I know that many triathletes -- perhaps because of long hours spent alone on bikes, maybe the hours spent face down in a pool -- have trouble with conversation, at least with normal people. With other triathletes, it can be easier, and the conversation can touch the lofty heights of comparing gels and discussing cassettes and chainrings, perhaps even drifting to the esoteric realms of "what I think about when I am tired" or "how my wife/spouse/other thinks I am weird because I fall asleep at 8". It is really pretty barren territory, even with other triathletes. These are mostly people who think Byron is a place in Australia where there's good surf and regard painting as an optional extra when designing your own carbon frame.

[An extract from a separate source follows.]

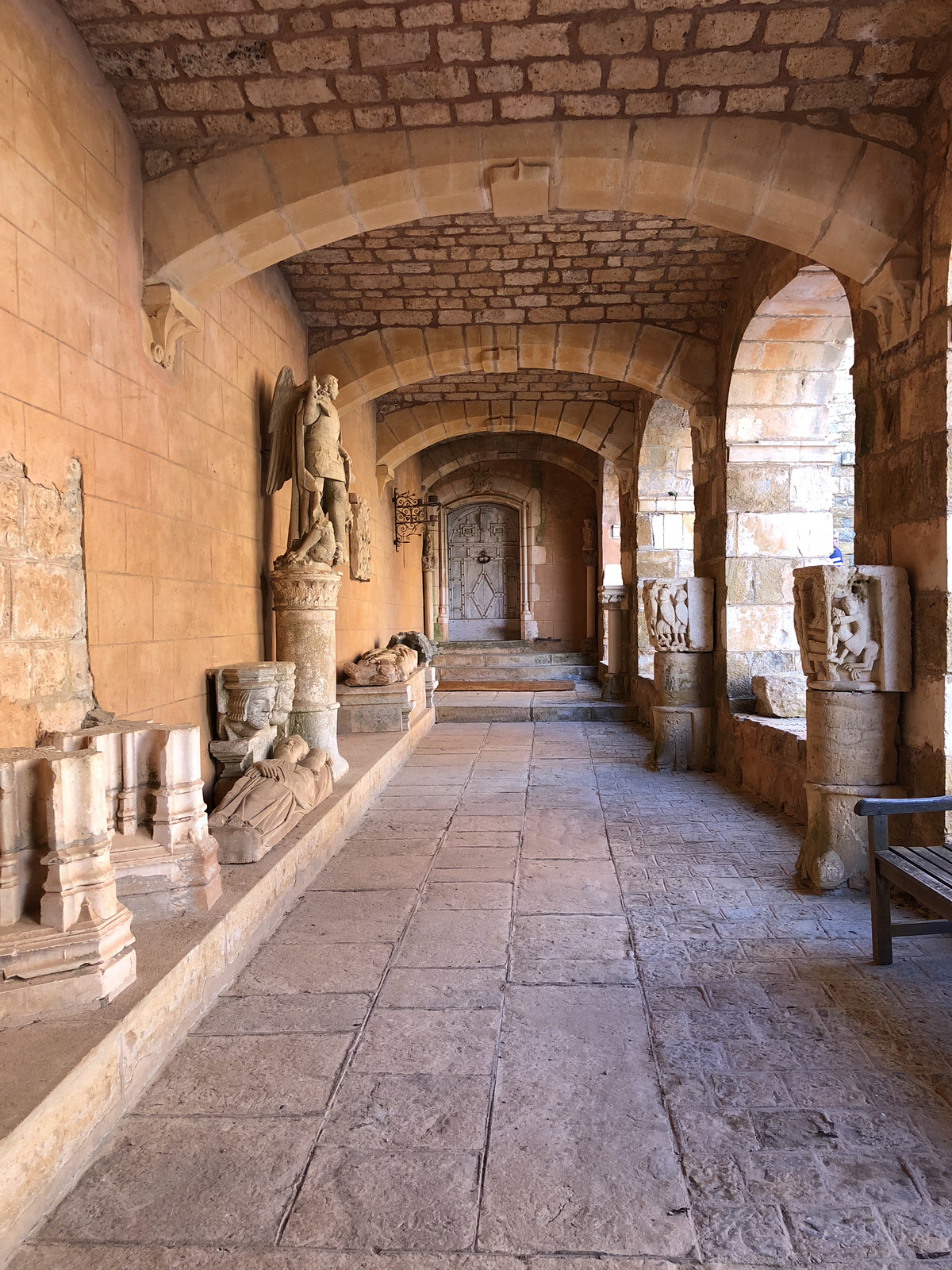 Picture France Castelnau Bretenoux Castle 2018-04 120 - Travel Castelnau Bretenoux Castle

I have never gone on a long ride for the conversation, and post-race and post-ride discussions with triathletes and triathlete friends are definitely improved by beer, lots of it.
So, I was thinking, is there a universal conversation-starter I can safely recommend to my challenged tri-friends, those for whom an evening out with a favorite male/female/other friend is an experience in terror as time passes with excruciating tediousness, conversations flourish briefly only to die in dismal silence, perhaps enlivened momentarily by a witticism or the sight of a colorful bird, but most likely not, most likely just a sad parade of tired ideas, stunted, inelegant, doomed. How, I wondered, can people with even minimal social skills, start a conversation so lively that it brings everyone into it, evokes shared memories, laughter, maybe even important life-lessons?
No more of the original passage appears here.